Dataset excerpts:
---
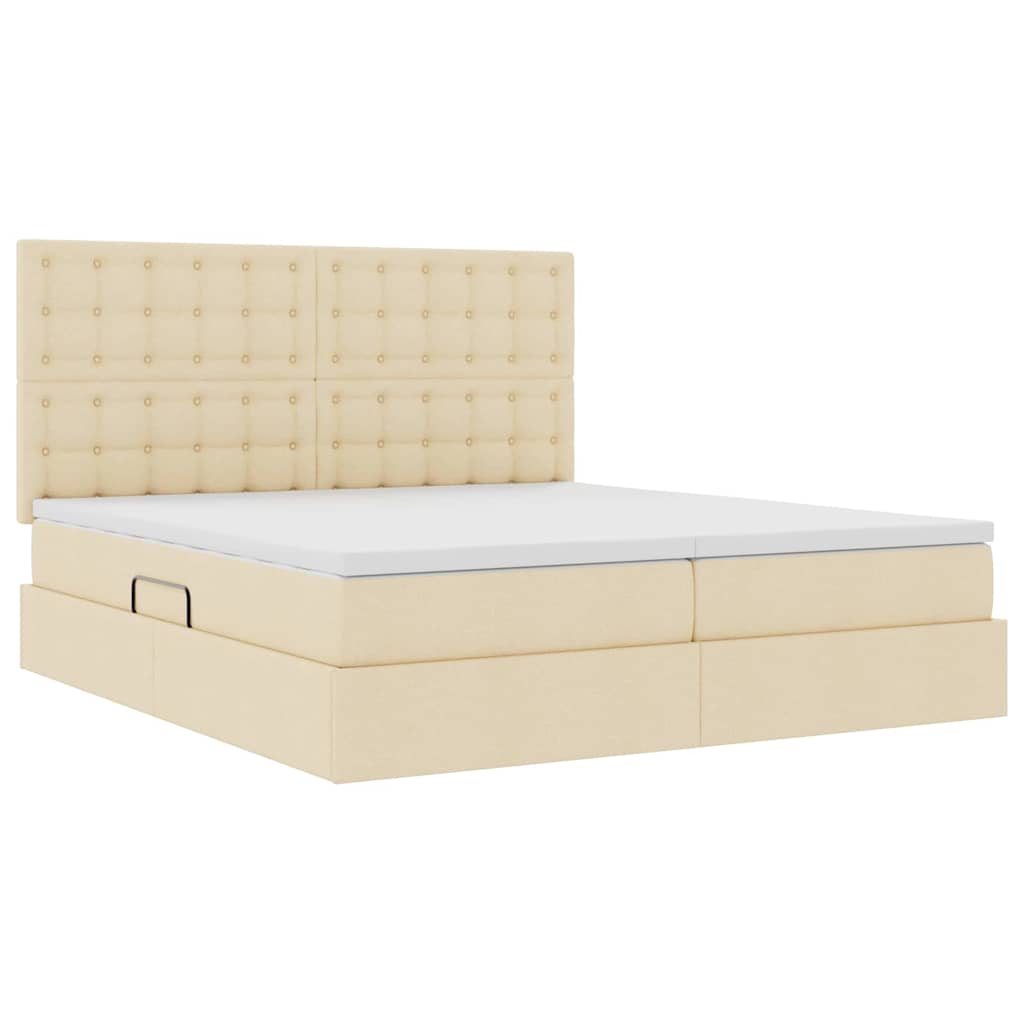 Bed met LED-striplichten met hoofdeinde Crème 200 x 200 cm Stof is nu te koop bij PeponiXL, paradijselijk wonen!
---
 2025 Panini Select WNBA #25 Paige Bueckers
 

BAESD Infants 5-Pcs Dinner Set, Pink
---
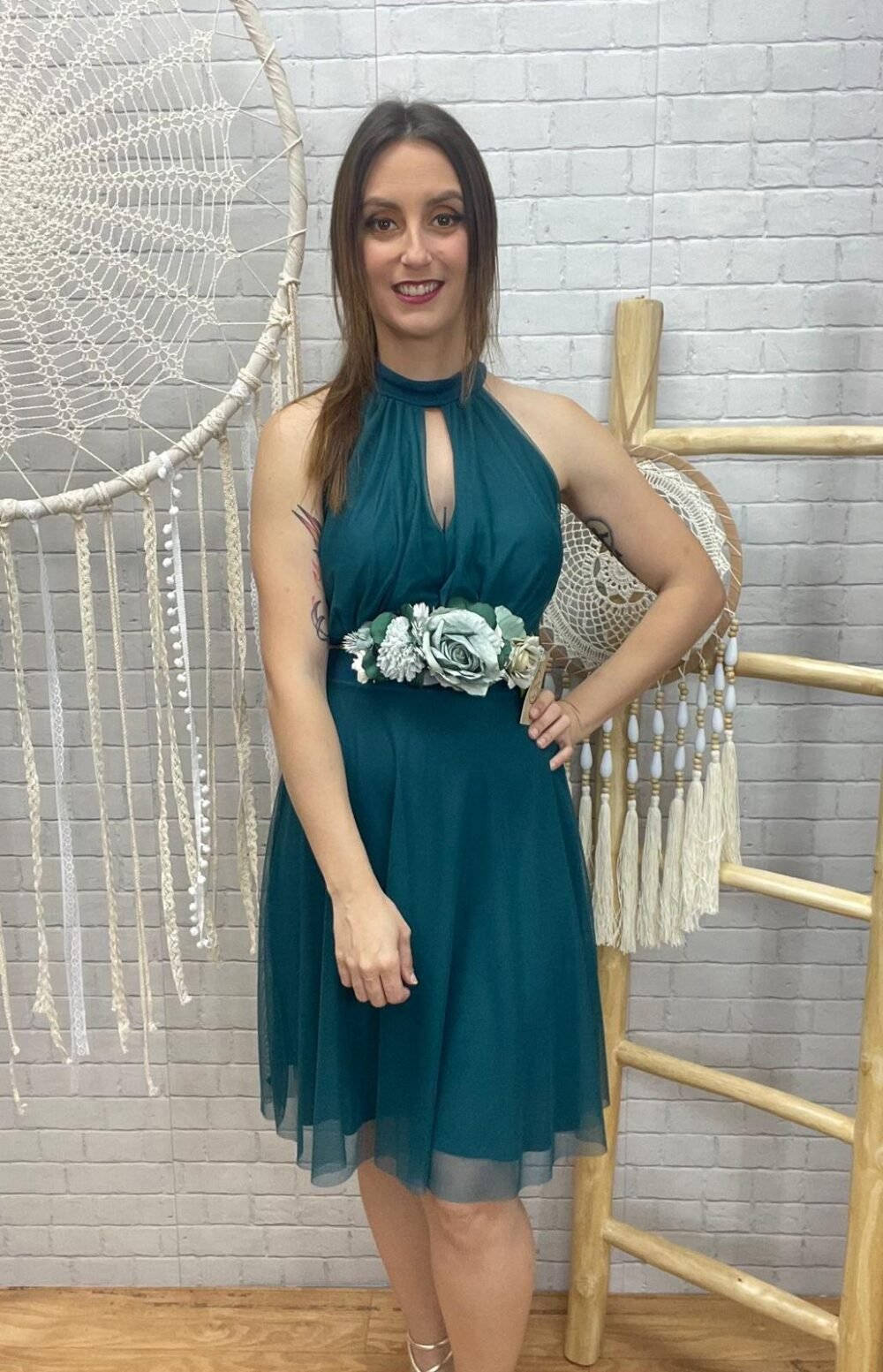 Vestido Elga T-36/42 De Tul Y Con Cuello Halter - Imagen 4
---
Work instruction:
All that is needed is the exact run of lines above from the line containing "2025 Panini Select WNBA #25 Paige Bueckers" through the line containing "BAESD Infants 5-Pcs Dinner Set, Pink", both of them included.

Written solution:
 2025 Panini Select WNBA #25 Paige Bueckers
 

BAESD Infants 5-Pcs Dinner Set, Pink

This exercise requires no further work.